» Required action:
Keeping every character in place, output all the data.

» Provided data:

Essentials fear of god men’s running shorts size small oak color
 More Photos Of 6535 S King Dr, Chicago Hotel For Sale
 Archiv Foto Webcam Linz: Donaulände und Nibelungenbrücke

» Solution to this exercise:
Essentials fear of god men’s running shorts size small oak color
 More Photos Of 6535 S King Dr, Chicago Hotel For Sale
 Archiv Foto Webcam Linz: Donaulände und Nibelungenbrücke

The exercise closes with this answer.